Langsung ke konten utama

Mengulang Tanggal Pernikahan Pertama Kali

20/09/2019 momentum terindah pengawal ibadah panjang kami dalam hidup yang fana. Di tanggal ini pula kami sepakat, mengikat janji suci mengikuti sunnah nabi, Muhammad Shallallahu A'laihi Wasallam. Mencipta ketenangan jiwa, menundukkan pandangan, memupuk rasa cinta, mensyukuri bahagia, menerima baik pintu rezeki, membentengi akhlak dan menanti generasi yang belum diamanahkan Allah hingga hari ini. Semoga perayaan selanjutnya tak hanya kami, namun lengkap bersama buah hati. MasyaAllah.. alhamdulillah.. alhamdulillah. Allah beri kami kesempatan bersama dan merayakan bahagia di tahun pertama. Sederhana saja, tak begitu semarak namun penuh nikmat. Hanya berdua, jauh dari keluarga namun dekat dalam doa, InsyaAllah. 

Satu tahun pernikahan, artinya satu tahun pula jarak kami bentangkan.
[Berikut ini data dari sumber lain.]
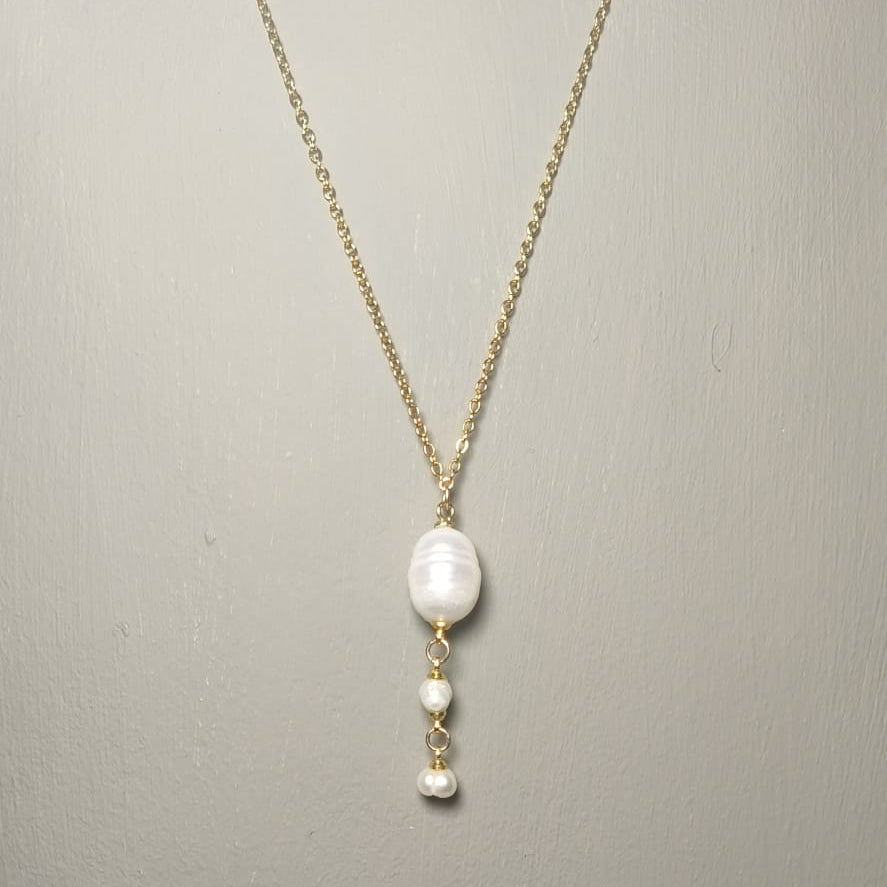 Zoetwater Parel Ketting Merle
Jauh dari keluarga besar, namun kebesaran-Nya menyodorkan jaraklah yang memperkuat pemahaman kami bahwa jarak hanya kilometer pandang, namun ada do'a yang mendekatkan kita. Sama seperti kecintaan kita pada sang pencipta. Tak kasat mata, namun dekat dan lebih dekat dari urat nadi. Terus memanjatkan doa, memohon pertolongannya dan tak lupa menyebut nama-Nya berulang-ulang kali. Meski kita tahu bahwa Allah tengah bersemayam diatas Arsy-Nya, tak sederajat Dzat yang diciptakan-Nya, namun Ia maha melihat, maka tak ada manusia dan mahluk ciptaan lainnya yang mampu lepas dari pantauan-Nya. 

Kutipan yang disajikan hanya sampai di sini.